» Task details
In the entries below, find the line containing "Rohde & Schwarz" and the line containing "NATIVE Fitzsimmons Navy". Copy those two lines and everything between them exactly, without the pictures.

» Entries supplied
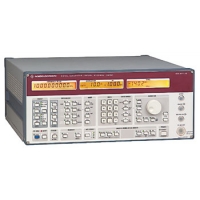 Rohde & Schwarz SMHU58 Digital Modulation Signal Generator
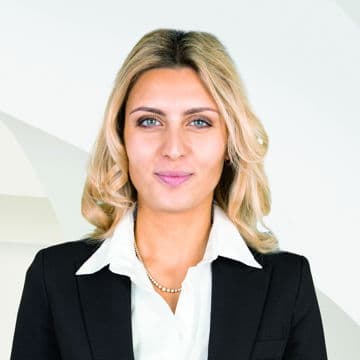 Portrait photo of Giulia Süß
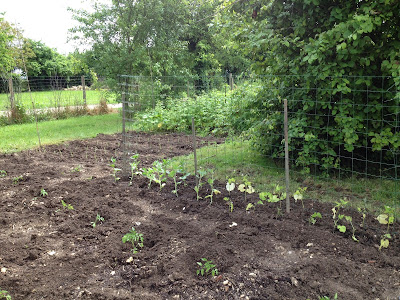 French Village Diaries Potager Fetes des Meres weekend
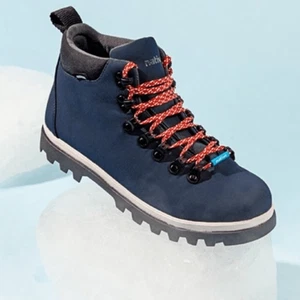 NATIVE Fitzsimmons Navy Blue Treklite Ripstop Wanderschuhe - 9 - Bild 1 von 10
==
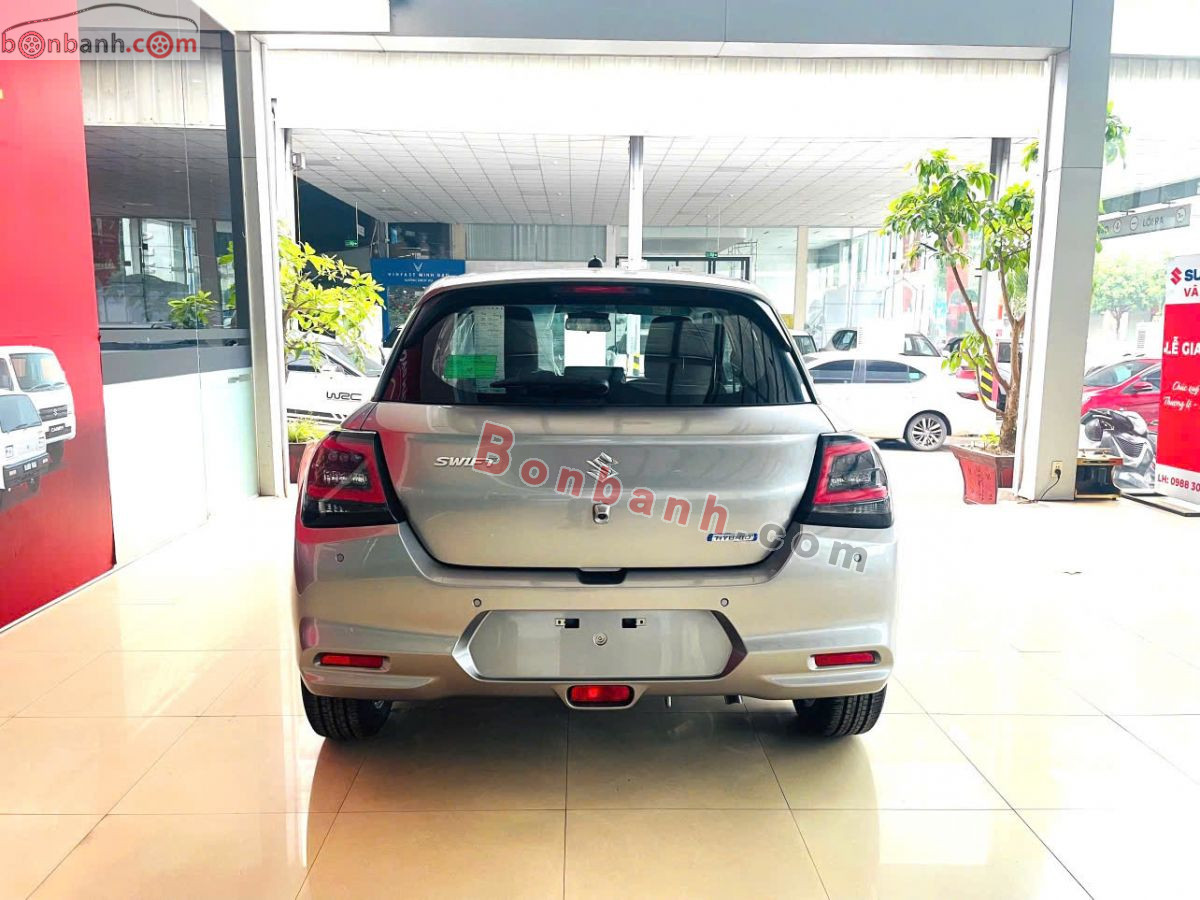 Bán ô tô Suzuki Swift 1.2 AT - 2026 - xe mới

» Output of the exercise
 Rohde & Schwarz SMHU58 Digital Modulation Signal Generator
 Portrait photo of Giulia Süß
 French Village Diaries Potager Fetes des Meres weekend
 NATIVE Fitzsimmons Navy Blue Treklite Ripstop Wanderschuhe - 9 - Bild 1 von 10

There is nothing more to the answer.